Happily for the country, happily for their own reputation as statesmen of firm, consistent, and manly character, those scru-ples were overcome. A Cabinet was formed, in which the liberal part of the former Ministry were cordially united with the leading men of the Opposition, and with two or three individuals not attached to the same views of policy, but whose very worst errors, as we must be allowed to call them, afforded, with their high stations, a security to the country against any rash and headlong attempts being made to bring about changes, which, if gradually effected, may yet remedy all the evils of our domestic situation.

The Session opened with much of complaint, and somewhat of menace. We love not to dwell on painful recollections. We are willing to hope that calmer reflection may render the retrospect for ever as unnecessary as it is unpleasing. In a very short time, the attacks upon the new Ministry were left in the hands of those, of whom, wishing to speak with all possible respect, we may be permitted to say, that their weight in the country, and the place they occupy in the annals of its Council, are proportioned to their intrinsic merits; and that their adversaries must always feel contentment, if they should feel little pride, in being opposed to their hostility.

The close of the Session was speedily followed by the death of the Prime Minister,-too early for his country, though not for his own fame; and the Sovereign, in strict accordance with the universal desire of his people, directed the Government to be reconstructed upon the same principle as before. One change, though not in the Cabinet, attended this event; the command of the army was again given to its most distinguished ornament, who never, in our opinion, should have for a day stooped from the loftier height he had scaled by his wisdom, his valour, and his brilliant fortune, to join in the little details and low intrigues of vulgar politics. We have said nothing of some of the Ministers who resigned; but we suspect that no very deep affliction was suffered by the country from their loss. After the very long period during which they had lived in office, their departure could hardly be deemed untimely; and though one of those veterans retired with a great name, and all of them in the full possession of their faculties, there seemed a prevailing disposition, in the public mind, to express no sorrow for the loss, un

til they saw whether they could be worse governed by their successors. They sunk gradually into a kind of watching Opposition-a corps of observation; and one thing must be admitted on all hands, whatever opinion may be entertained of the new Opposition from the recollection of their past services, that no man looked forward to much occasion for them in their new capacity, since the new Ministry stands unrivalled by any former Government in popularity with the country, and surpassed by none in favour with the Crown.

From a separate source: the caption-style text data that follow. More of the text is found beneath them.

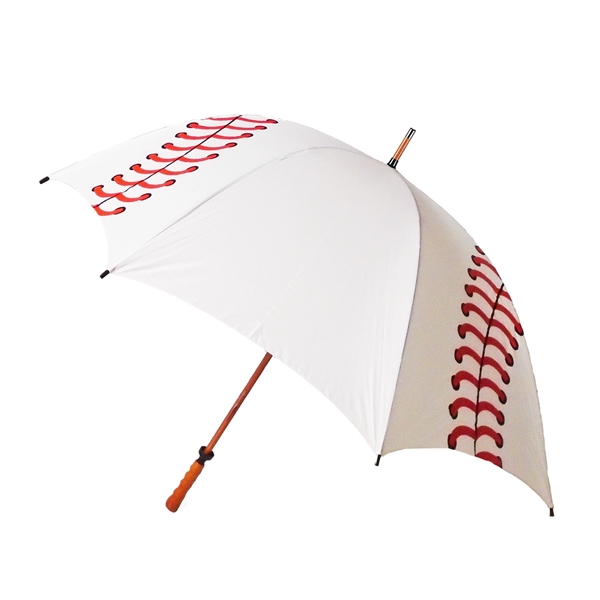 Baseball Golf Umbrella - Baseball Golf Umbrella - Image 1 of 2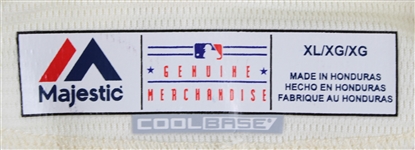 1964-65 Masanori Murakami San Francisco Giants Autographed Replica Majestic Jersey First Japanese Player in MLB (PSA/DNA) (421)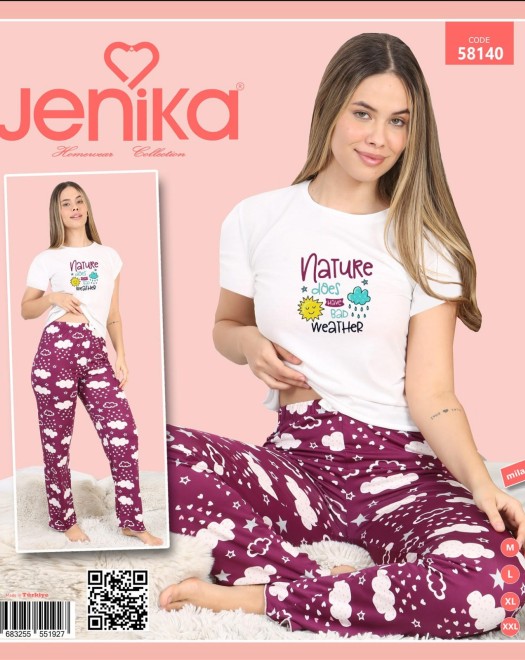 MİLAN KISAKOL KADIN PİJAMA TAKIMI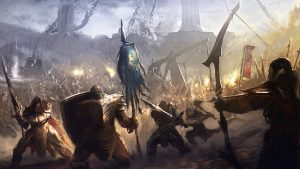 Elder Scrolls Online concept art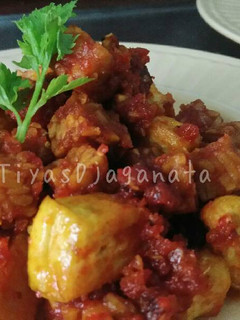 Foto resep Balado Tahu Tempe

It must be evident to every person of ordinary understanding, and be admitted by any one of moderate candour, that, in the effectual assistance which some of the Opposition render to the new Government, by taking part in it officially, and the disinterested, though necessarily less efficient, support which others give it out of place, nothing is done by either class inconsistent with the strictest notions of party principle, or which, tried by the most rigorous standard of party duty, could be found wanting. Suppose the whole principles and distribution of political parties to have remained unaltered of late years, we affirm, nor indeed has it ever been in terms denied, that the late Coalition was framed on the most approved models known in the best times of our history.

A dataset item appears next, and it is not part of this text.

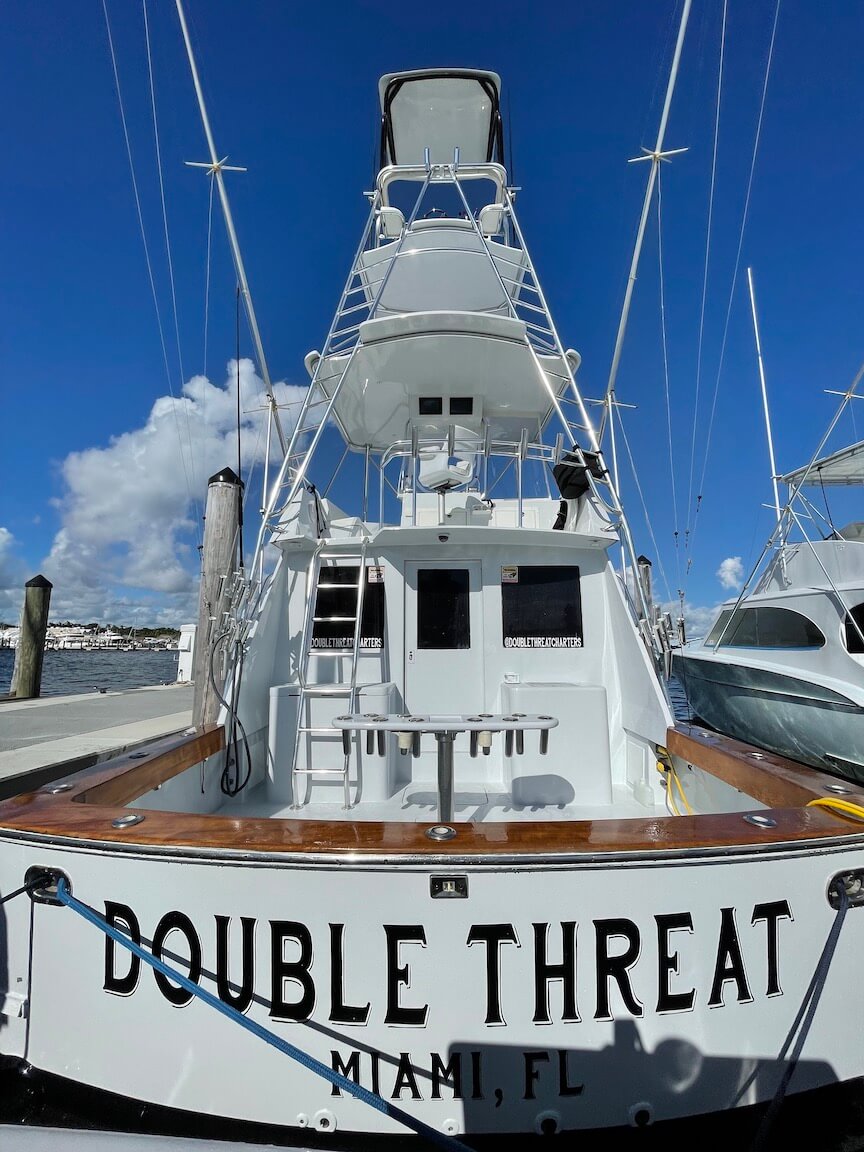 There are a wide range of passenger boats for sale from popular brands like crest, custom and qwest with 37 new and 85 used and an average. Miami Deep Sea Fishing Charters Double Threat Charters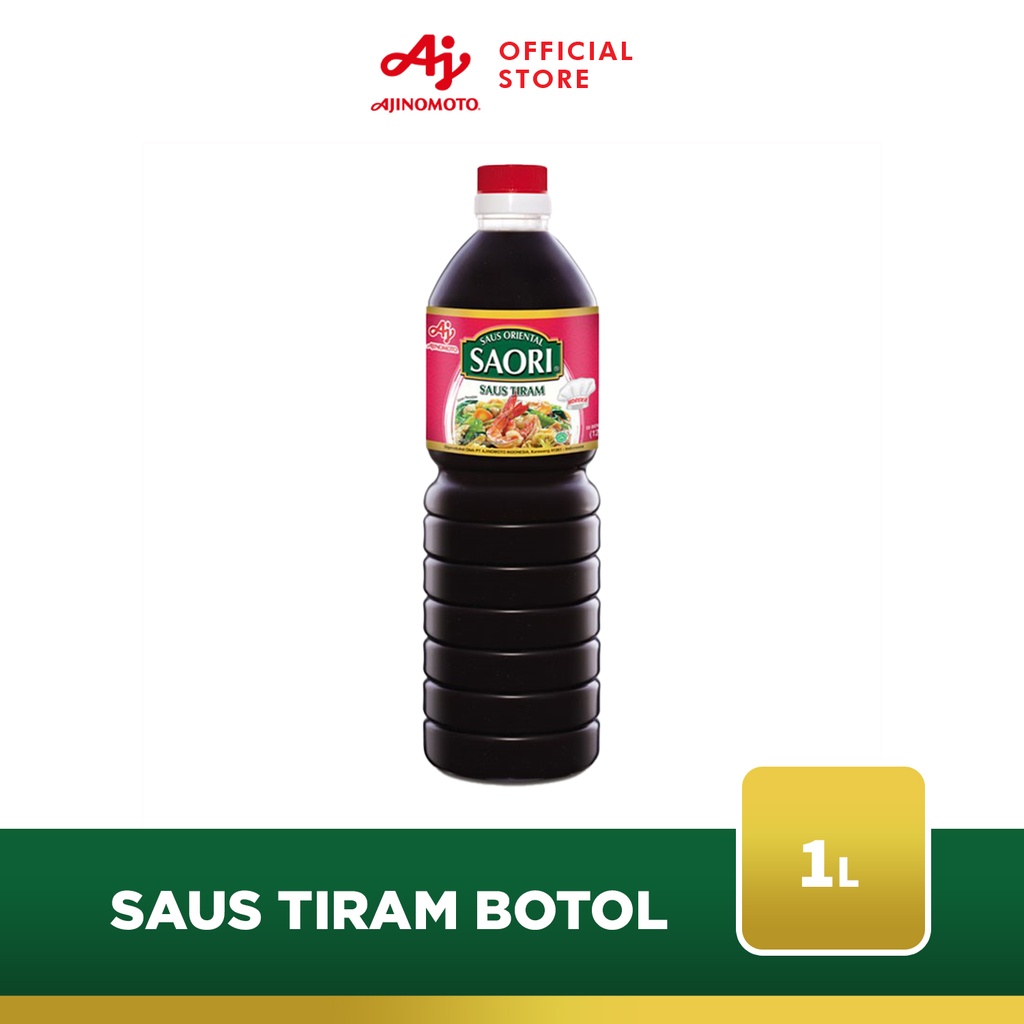 Saori Saus Tiram Btl 1L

The only justification of party unions has always been found in their necessity, sometimes for curbing the influence of the executive power, sometimes for promoting certain other principles held by the members of such associations in common, and deemed by them essential to the good of the country. Men have, through ambition, or avarice, or the other forms of selfishness, abused this privilege, or rather duty, of public men; they have leagued themselves together to extort better terms from their Sovereign, their opponents, or the public; they have in reality been holding out and keeping together for some personal reasons, and not because they differed from their adversaries, and agreed among themselves in holding certain opinions-but they were never yet shameless enough to avow such motives: their profligacy has always paid the homage to political virtue, of pretending to act together because they concurred in maintaining principles different from those of other parties. Even where the ground of contention seemed the most narrow, and reduced as it were to a mere personal point, they sedulously magnified this by all the powers of refining and sophistry, if

*In this country, we are often puzzled with will and shall, would, should, and could, so we don't venture to suggest any alteration.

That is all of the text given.